Find the volume V of the described in the image below.
A cap of a sphere with radius r and height h.

Answer 1

image:

Answer 2

I can safely assume this:

\[chord_{length}=2\sqrt{r^2-h^2}\]
h = height

\[V_{sphere}=\int\limits_{-r}^{r}\pi y^2 dx = \int\limits_{-r}^{r}\pi (r^2-x^2) = \frac{4}{3}\pi r^3\]

Answer 3

This was my first thought, probably not the simplest.

My initial reasoning is to find a triple integral for the "ice cream cone" shape, and then to subtract out the area of the cone under it.

I concluded these bounds in spherical coordinates:
\[0\le \rho \le r\]\[0 \le \phi \le \arcsin((r-h)/r)\]\[0 \le \theta \le 2\pi\]

Constructing the integral:
\[\int\limits_{0}^{2\pi}\int\limits_{0}^{\arcsin((r-h)/r)}\int\limits_{0}^{r}\rho^2\sin \phi d \rho d \phi d \theta\]
Should give the volume of the ice cream cone shape, but now we must subtract out the volume cone.

\[V _{cone}=(1/3)\pi r^2 h\]
In this case,
\[V _{cone}=(1/3)\pi (r-(r-h)^2)(r-h)\]

Assuming that I didn't make a mistake (and that this is even calculatetable by hand), I conclude that this may be accurate:
\[V_{total}=\int\limits_{0}^{2\pi}\int\limits_{0}^{\arcsin((r-h)/r)}\int\limits_{0}^{r}\rho^2\sin \phi d \rho d \phi d \theta-(1/3)\pi (r-(r-h)^2)(r-h)\]

Answer 4

I found this easier using cylindrical coordinates.

Answer 5

abstracted, your bottom integral, in theory, should work, but it should be \[\arcsin (h/r)\]

Answer 6

for your upper bound

Answer 7

Thinking about it, with cylindrical you could probably skip the subtracting the cone part with a little extra work

Answer 8

Considering the way you did it, using the upper bound I provided should make "subtracting" the cone unnecessary, since the region provided goes between 0 and arcsin(h/r) on the azimuthal plane.

Answer 9

But even then, you would have to integrate with respect to the azimuth first, and then r to get the answer. to save time, though, cylindrical is the way to go.

Answer 10

Very interesting!
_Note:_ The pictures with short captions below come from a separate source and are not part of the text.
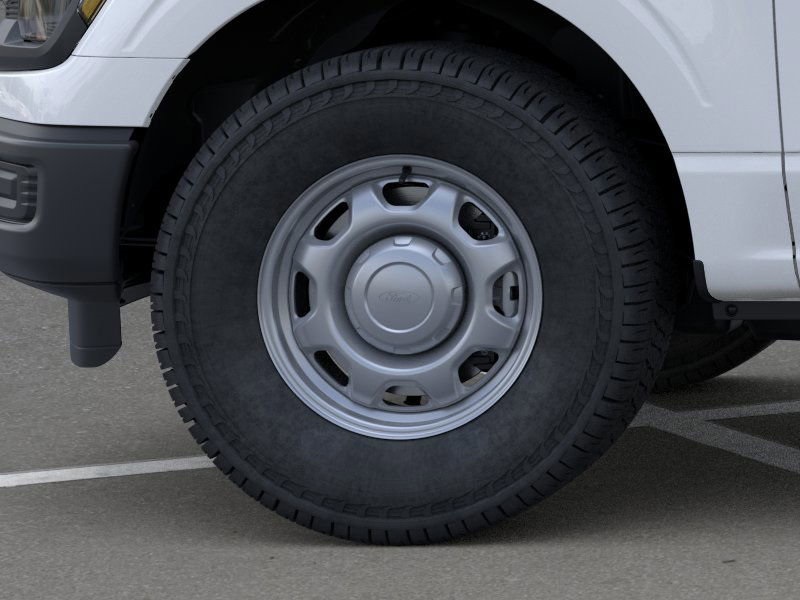 2025 Ford F-150 XL photo 18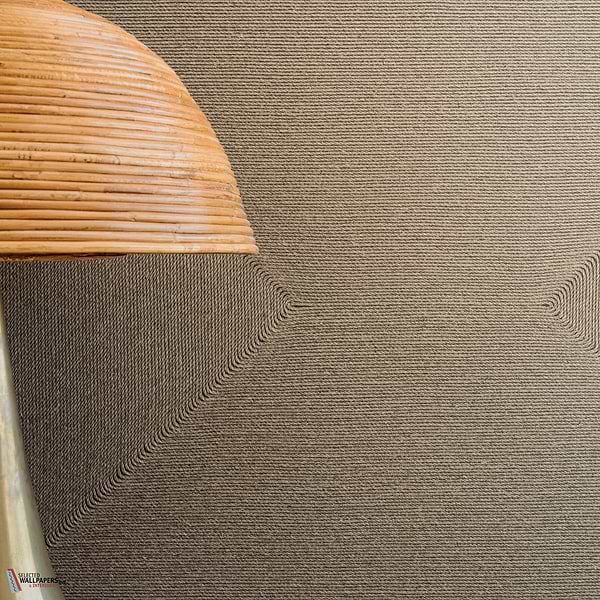 Cocon wallpaper-Elitis-Selected-Wallpapers-Interiors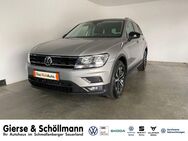 VW Tiguan, 1.5 TSI IQ DRIVE, Jahr 2020 - Schmallenberg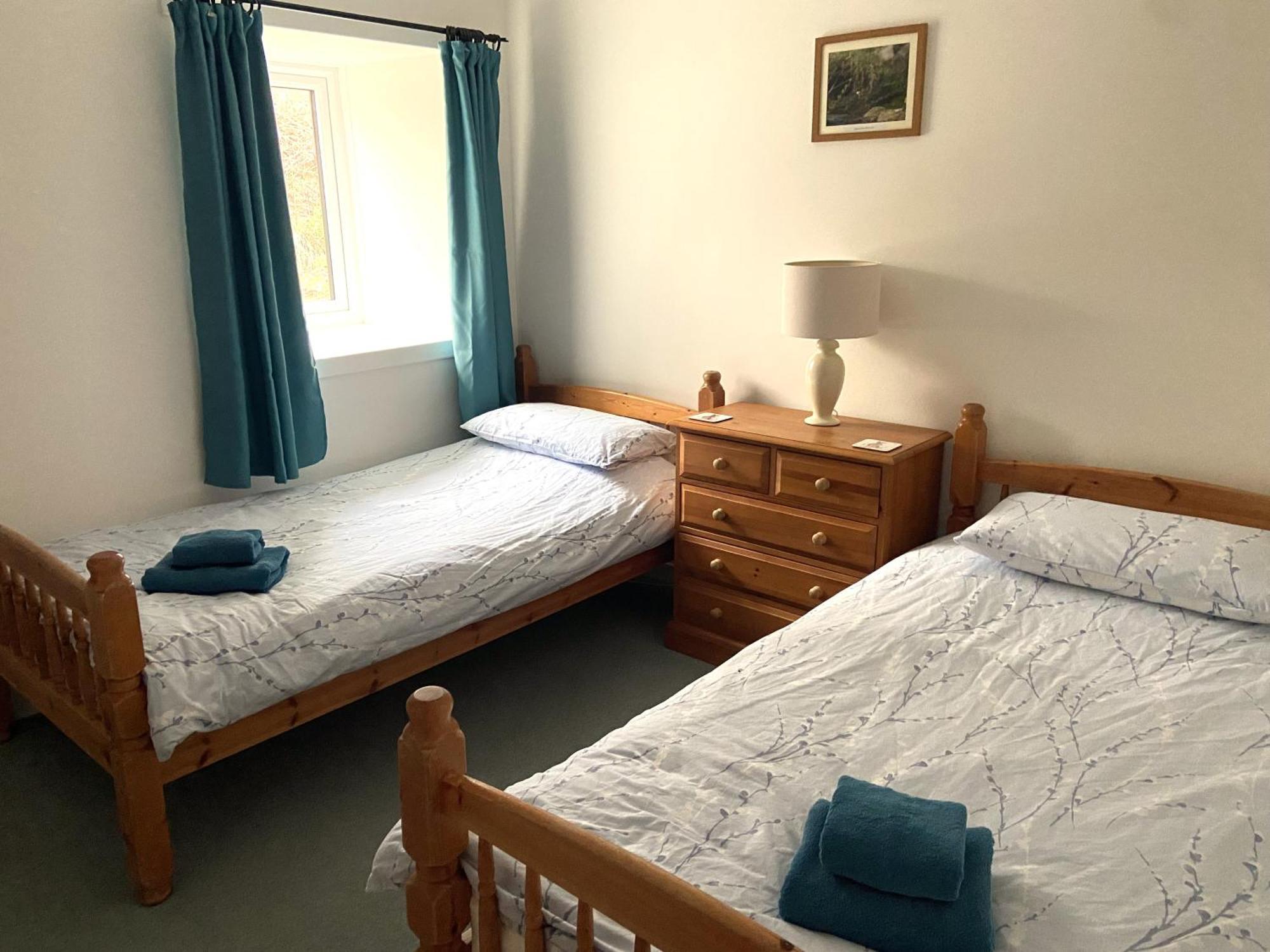 Easter Corrie Cottages Ballindalloch Экстерьер фото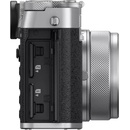 Image 1 of Fujifilm GFX100RF Silver (16938065)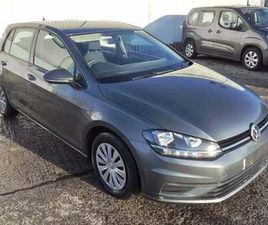 2019 VOLKSWAGEN GOLF 1.6 TDI S HATCHBACK 5DR DIESEL MANUAL EURO 6 (START/STOP) (115 PS) HATCHBACK DIESEL...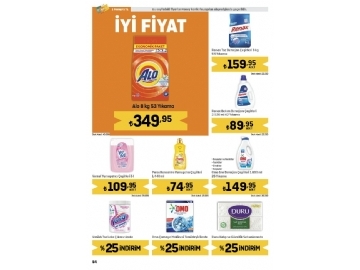 Migros 27 Haziran - 10 Temmuz Migroskop - 54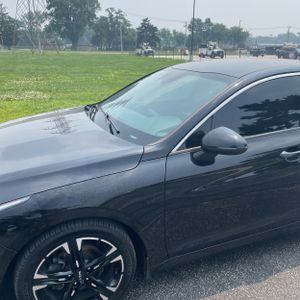 2023 KIA K5 GT-LINE photo 2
I'll definitely take a closer look at this tomorrow when I have more time. I don't think the technique intended was triple integrals, a single integral method was recommended in the section it was from. So the solution is probably using geometric shortcuts of some kind. Thank you both for your time invested in helping out :-)